„Mam nadzieję, że winni zostaną ukarani. Kary za takie czyny powinny być surowe” – powiedział Nauseda, który od dziennikarzy dowiedział się o kradzieży.
Prokuratura w Wilnie poinformowała, że w trakcie prowadzonego dochodzenia ustalono, że od 11 do 17 maja bieżącego roku z Czytelni Rzadkich Druków oraz z Czytelni Profesorskiej Biblioteki Uniwersytetu Wileńskiego skradziono mające dużą wartość historyczną i kulturową książki w języku rosyjskim. Większość skradzionych książek została zastąpiona falsyfikatami.

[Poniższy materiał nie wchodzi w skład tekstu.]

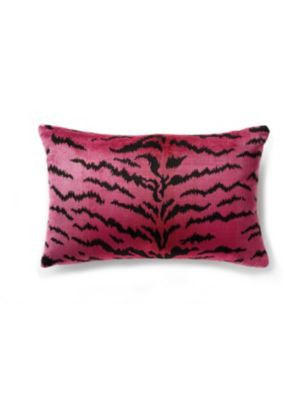Tigre Pillow 14 X 22 - Reds & Black SCLTIGRPILL0003 by Scalamandre Designer Pillows 13% COTTON, 69% VISCOSE / 18% POLYESTER / U.S.A. Horizontal: and Vertical: 0 - Swanky Fabrics -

Wśród książek, które padły łupem złodziei, znalazły się m. in. wydane w 1826 roku wiersze Aleksandra Puszkina, wydana w 1840 roku powieść Michaiła Lermontowa „Bohater naszych czasów”, sztuka „Rewizor” Nikołaja Gogola z 1841 roku, wydana w 1831 roku romantyczna tragedia Puszkina „Borys Godunow” oraz historyczna monografia Puszkina „Historia Pugaczowa” z 1834 roku.
Zdaniem ekspertów skradzione książki trafiły do Rosji, gdzie zostały sprzedane na pośpiesznie zorganizowanych w Moskwie aukcjach.
W ciągu ostatnich dwóch latach do podobnych kradzieży doszło też w Polsce oraz na Łotwie i w Estonii. Skradziono dzieła XIX-wiecznej literatury rosyjskiej o łącznej wartości kilku milionów euro – oryginały na półkach bibliotek zamienione zostały na falsyfikaty.